(DATA SHOWN)
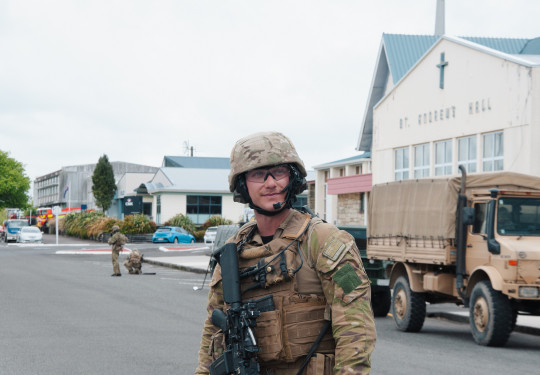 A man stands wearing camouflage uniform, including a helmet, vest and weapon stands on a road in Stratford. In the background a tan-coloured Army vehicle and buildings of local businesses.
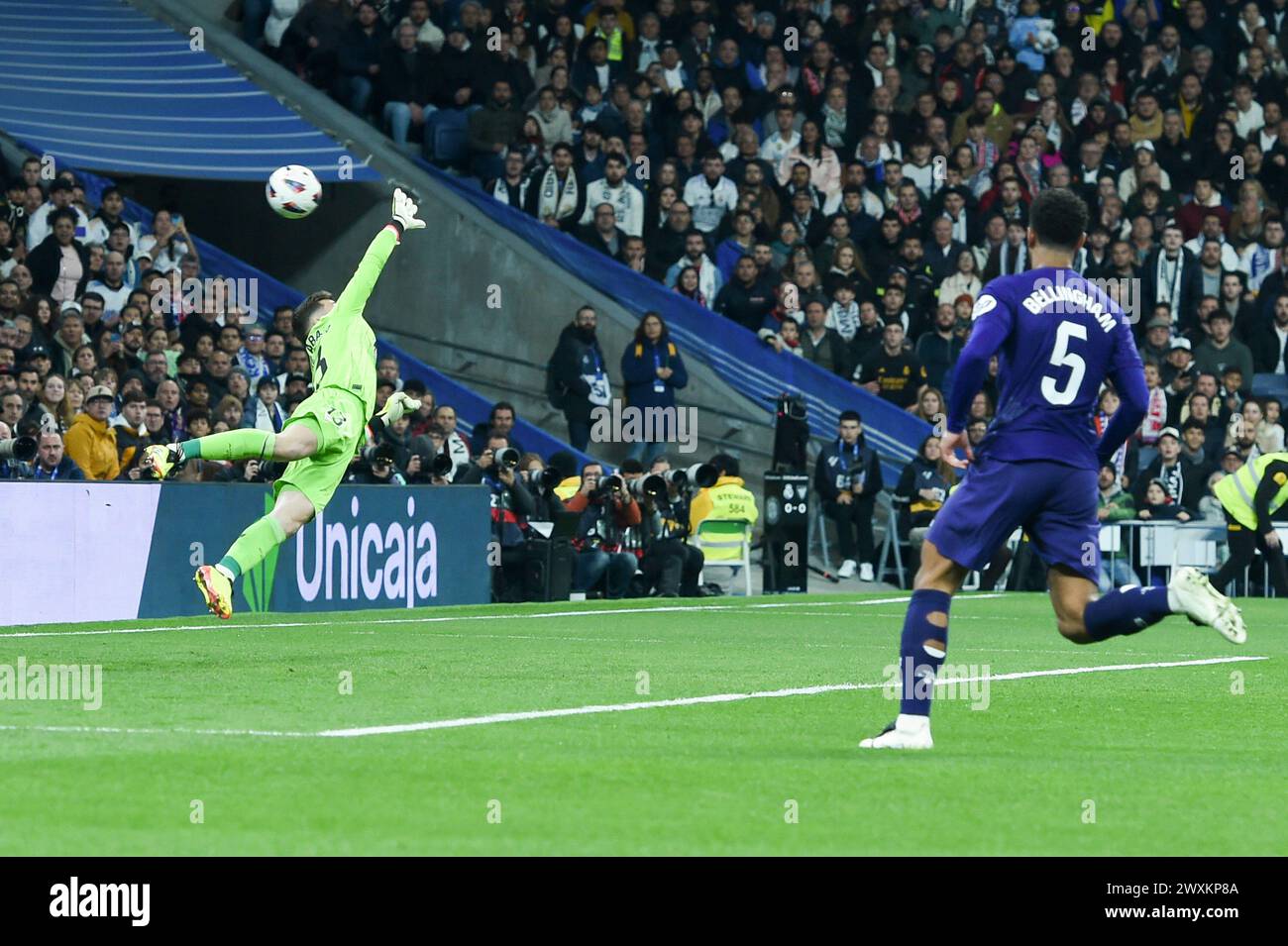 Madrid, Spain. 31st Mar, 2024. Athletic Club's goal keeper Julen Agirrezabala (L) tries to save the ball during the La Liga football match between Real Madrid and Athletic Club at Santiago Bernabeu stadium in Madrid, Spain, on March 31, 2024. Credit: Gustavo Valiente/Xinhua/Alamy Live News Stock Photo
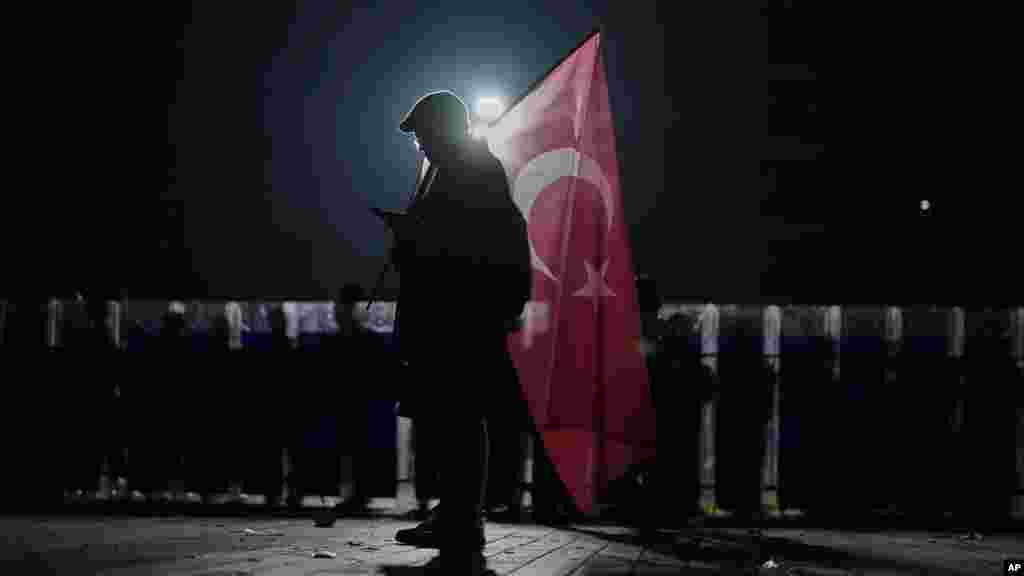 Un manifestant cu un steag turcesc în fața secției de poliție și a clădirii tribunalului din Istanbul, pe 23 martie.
(End DATA SHOWN)
WHAT IS EXPECTED: Would you copy all of the data exactly? Keep the pictures out of it.

ANSWER FOR THIS EXERCISE:
 A man stands wearing camouflage uniform, including a helmet, vest and weapon stands on a road in Stratford. In the background a tan-coloured Army vehicle and buildings of local businesses.
 Madrid, Spain. 31st Mar, 2024. Athletic Club's goal keeper Julen Agirrezabala (L) tries to save the ball during the La Liga football match between Real Madrid and Athletic Club at Santiago Bernabeu stadium in Madrid, Spain, on March 31, 2024. Credit: Gustavo Valiente/Xinhua/Alamy Live News Stock Photo
 Un manifestant cu un steag turcesc în fața secției de poliție și a clădirii tribunalului din Istanbul, pe 23 martie.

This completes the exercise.